You’ve probably heard the term “bridge loan” in the past and maybe you’re one of those who have taken advantage of one. But if you’re not familiar with a bridge loan, what they are and what they’re used for, it’s really a very handy financial tool buyers use to help finance a property they have in mind without depleting all of their savings. Or, the bridge loan can be used to offset some of the necessary funds needed in order to finance a new purchase. Let’s take a closer look at bridge loans and see how they’re used.
What’s a Bridge Loan
Bridge loans aren’t as common as other types of traditional financing and not all lenders offer them so it might take a little bit of research beforehand. A bridge loan is a form of temporary financing on an existing property. Much like a home equity loan, a bridge loan allows owners to pull out cash on a home to be used as a down payment on the new home without first having to sell the property. While that sounds remarkably similar to a home equity loan, many lenders won’t place a loan on any property that is listed for sale.
A bridge loan comes into play often when the buyers find a home they really want but need to sell their existing home first to come up with the funds for a down payment and closing costs. Instead of selling the home and perhaps losing out on their selected property, they can elect to take out a bridge loan which is used expressly for this purpose. A bridge loan helps get the buyers from Point A to Point B. In this instance, it’s financing the new home while the other home is waiting for an offer.
How It Works
For instance, a couple has their home listed for sale and it’s been on the market for a couple of weeks. There’s been some interest although no bona fide offers. They know the area where they want to live and they have a couple of homes in mind that are listed. Soon, they find a home in the perfect place priced below market- the sellers are obviously motivated. But they don’t have the funds needed for a down payment, even though they’re been preapproved for a new loan. We have lending sources that can provide bridge loan and it can be used to finance the next purchase while their existing home is waiting for an offer. They take out a bridge loan, use the proceeds to help with the down payment and closing costs.
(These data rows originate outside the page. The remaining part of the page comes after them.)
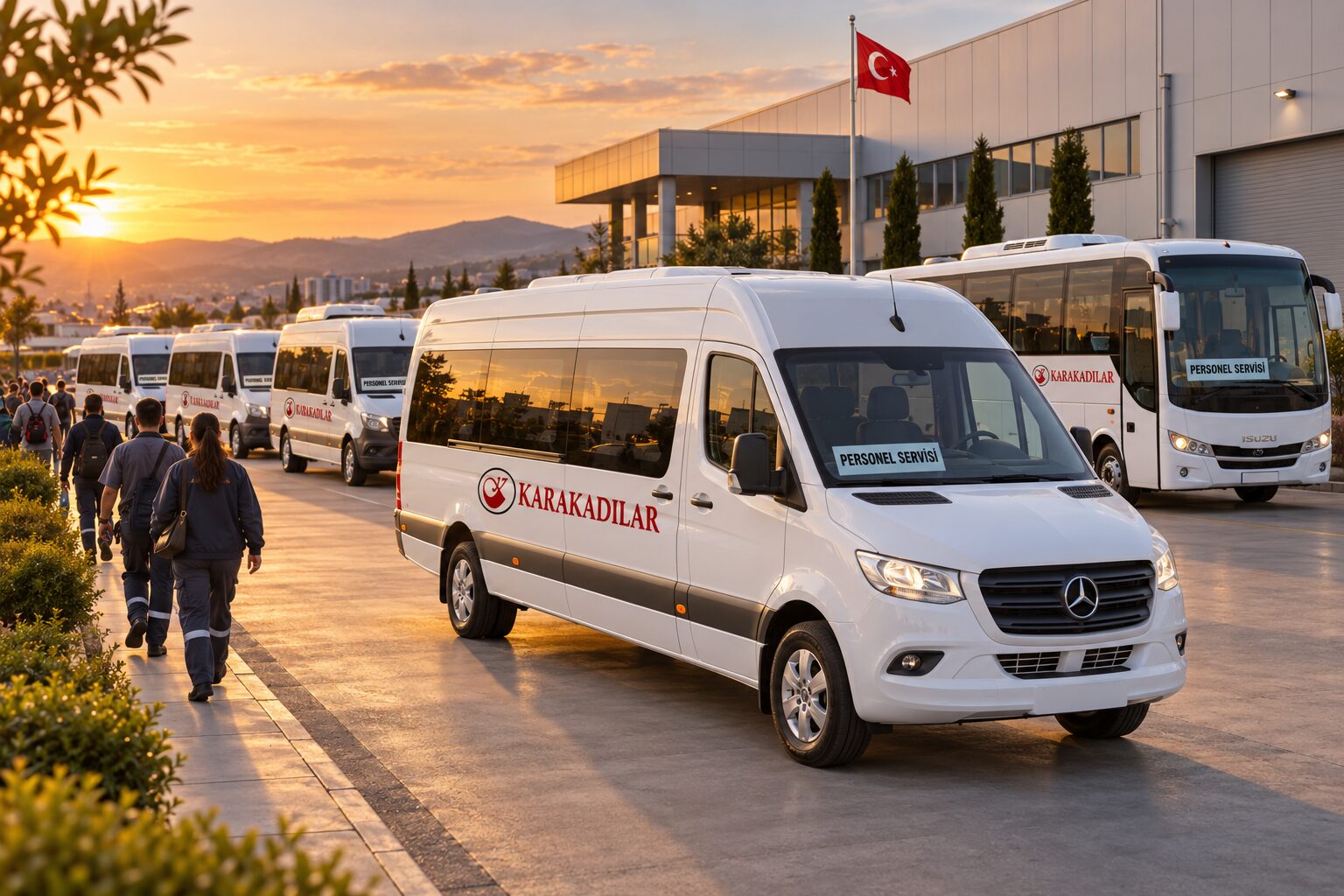 Karakadılar personel servisi aracı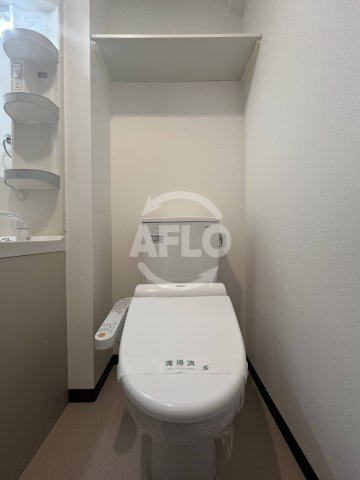 大阪市淀川区西中島６丁目の賃貸マンションのトイレ|ラクラス新大阪　トイレ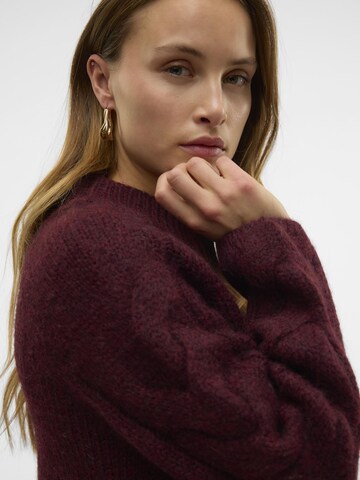 Pull-over 'VMZen' VERO MODA en rouge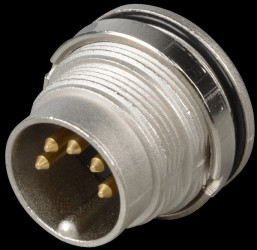 18853 Panel plug, rear mounting, IP68, 5-pin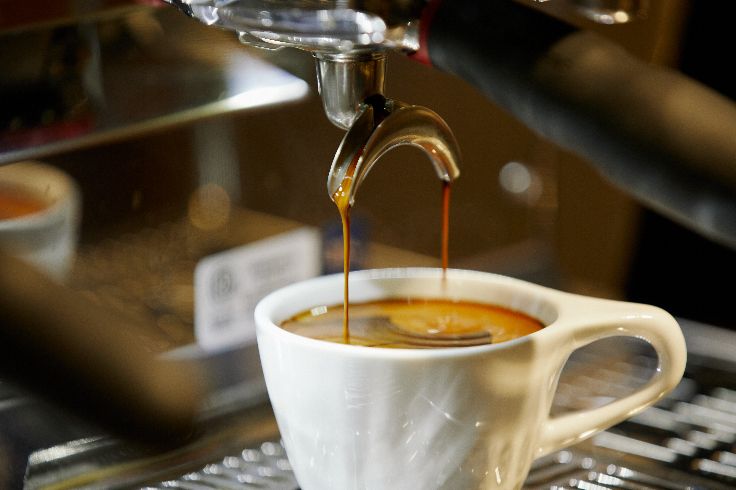 latte espresso shot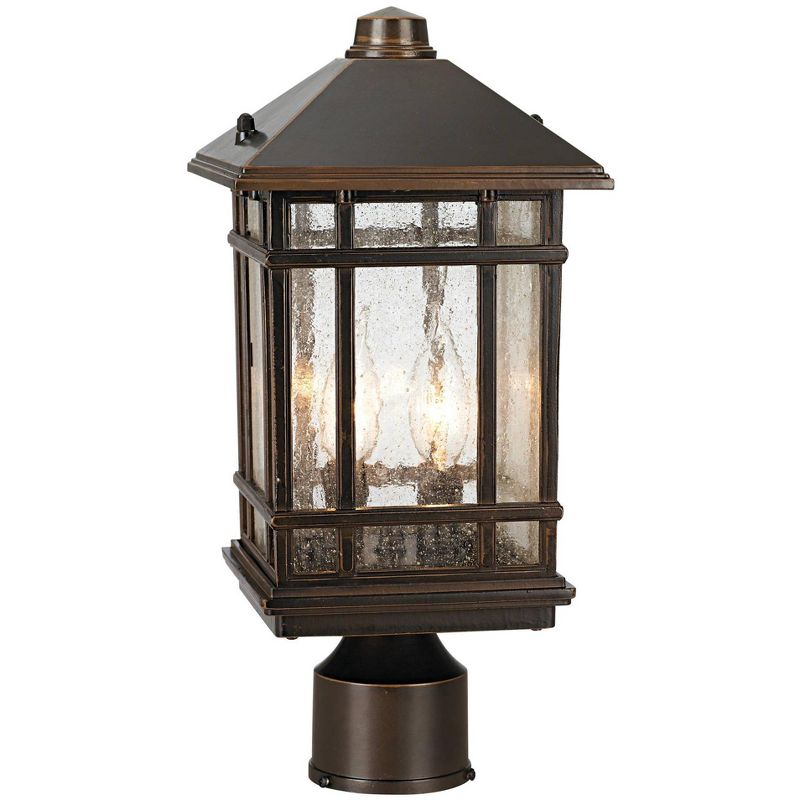Kathy Ireland J du J Sierra Craftsman 14" High Outdoor Post Mount Light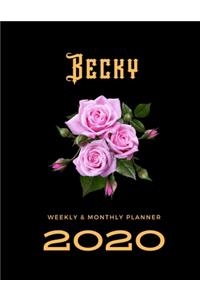 2020 Weekly & Monthly Planner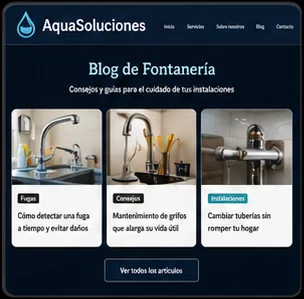 Blog article layout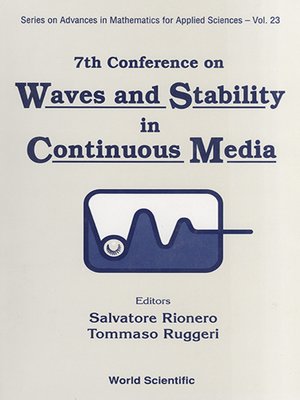 cover image of Waves and Stability In Continuous Media--Proceedings of the Vii Conference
The borrower would still need to qualify with their existing mortgage as well as the new one. They do in fact qualify for two loans at the same time. They make their offer, it’s accepted and they closed within 30 days. Two weeks later, their old home sells, paying off the existing mortgage as well as the bridge loan.
Can a Bridge Loan Help?
Not everyone can qualify for two loans at once but for those that can handle both payments and are looking to purchase another home in which to live, a bridge loan can help.